27 June 2011
ACT would like to introduce our readers to a remarkable young girl named Rachel! Rachel is a bright, active, and easy going eight-year-old who loves to ride her bike and spend time with her family.
When Rachel was just 18 months old her parents, Connie and Robert, brought her to ACT. Connie recalls that during this time Rachel didn’t respond to her name and didn’t interact with the family. Rachel couldn’t use language to express her needs. If someone said “no” to Rachel, she would tantrum to show her frustration. She needed constant supervision during free time because she would put objects in her mouth and run away. Her older sister, Alex, tried to play with Rachel, but it was difficult. Going out as a family was also a challenge because of the preparation it required in anticipation of Rachel’s needs.
When Rachel began therapy with ACT, her treatment focused on decreasing her tantrums and mouthing of objects, teaching her functional communication, and improving her cognitive and play skills. To address communication skills, ACT began to teach Rachel how to use the Picture Exchange Communication System (PECS). Rachel responded to PECS very quickly and began to make simple requests by giving a picture to an adult. Rachel learned to use some sign language as well. Therapy also focused on teaching Rachel basic play skills (e.g., taking turns). There were periods during Rachel’s treatment when her rate of learning appeared to slow down; however, these periods would eventually pass and Rachel’s rate of learning would return to its usual level. She was receiving approximately 40 hours of therapy per week during this period of her treatment.

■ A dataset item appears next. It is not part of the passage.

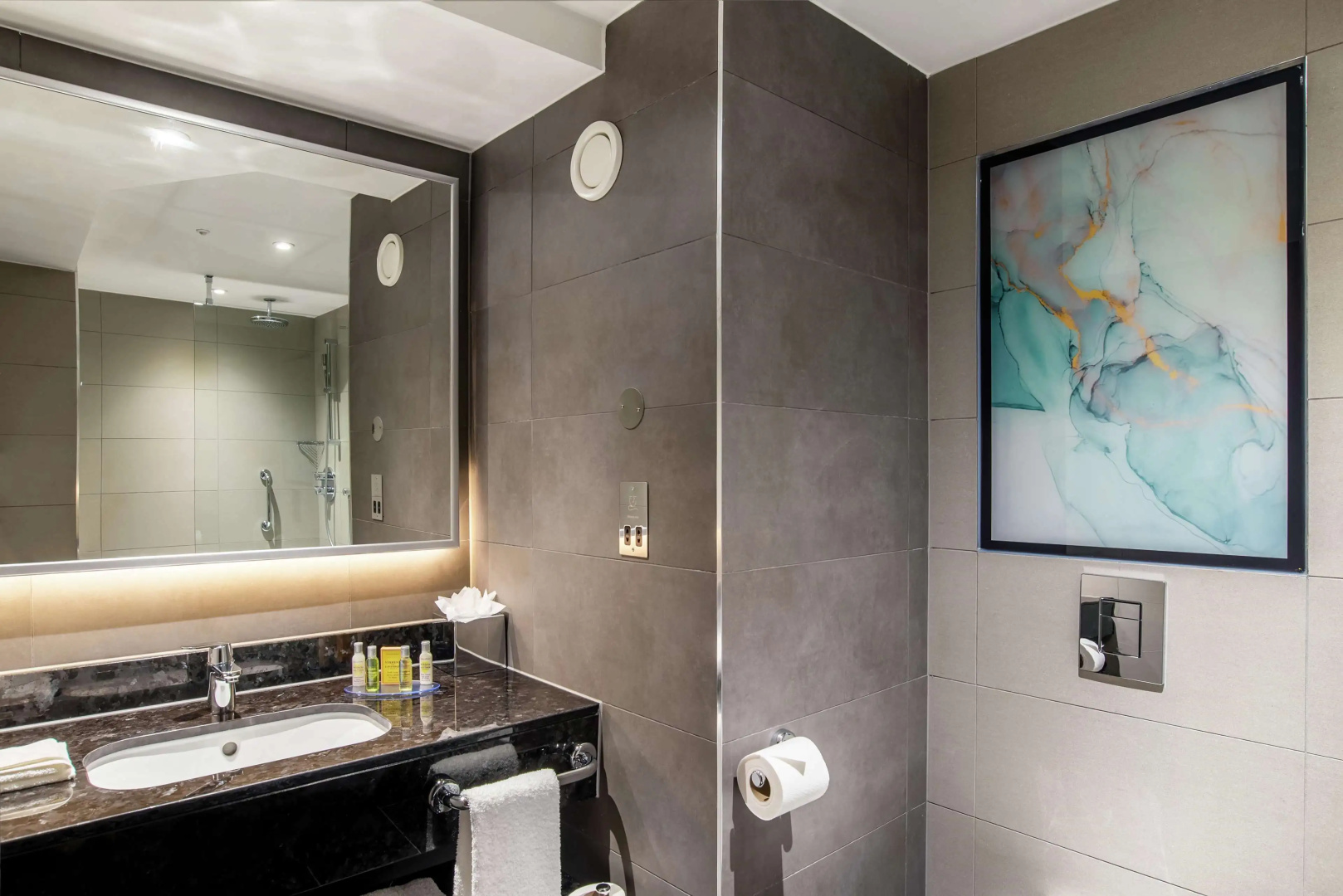 Photo - Hilton Garden Inn London Heathrow Terminal 2 and 3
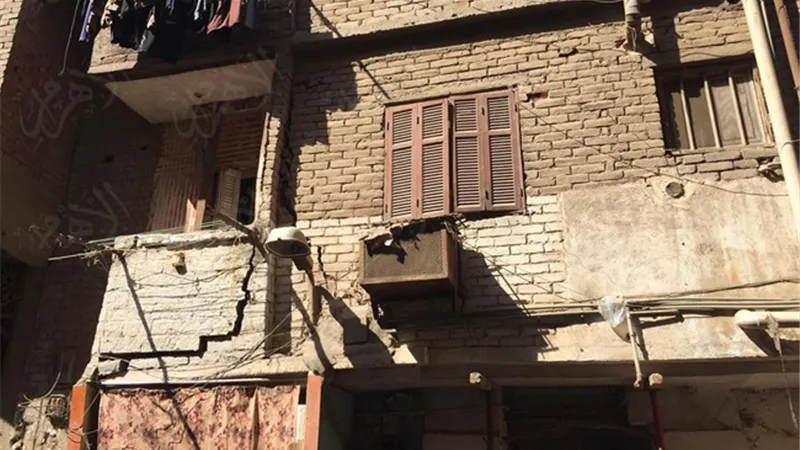 تساقط أجزاء من عقار بمنطقة جليم في الاسكندرية.. وتدخل فوري للجهات المعنية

ACT therapists currently work with Rachel at school as her aides. They help Rachel communicate with others, interact more with her peers, and learn new academic material in an effective manner.
In May, 2008 Rachel began to use a voice output device (VOD) or talker. She uses it at school, at home, in the community, and during therapy. Connie says that Rachel uses the talker spontaneously now and that she is continuing to improve her skills.
Connie reports that Rachel has made very significant progress during the past six and a half years. Currently, Rachel has almost no behavior problems. She is able to effectively communicate her needs, play cooperatively with peers and Alex, her sister, sometimes independently and sometimes with support, and she regularly helps the family by setting the table and emptying the dishwasher. She is part of a soccer team and a “lunch bunch” where she eats lunch with regular education peers at school. Rachel can sight read and is learning to type and use a calculator. Connie says that life is more relaxed now. She can, for example, cook dinner and not worry about what Rachel is doing in the house. Family outings are also more relaxed and productive.
Connie specifically requested that Dr. Anderson, Dr. Barbi and all of the ACT therapists who have worked with Rachel be thanked for their hard work and dedication. “ACT is awesome!” she exclaims. Lastly, Connie wanted to impart the message to families of never giving up, no matter what happens.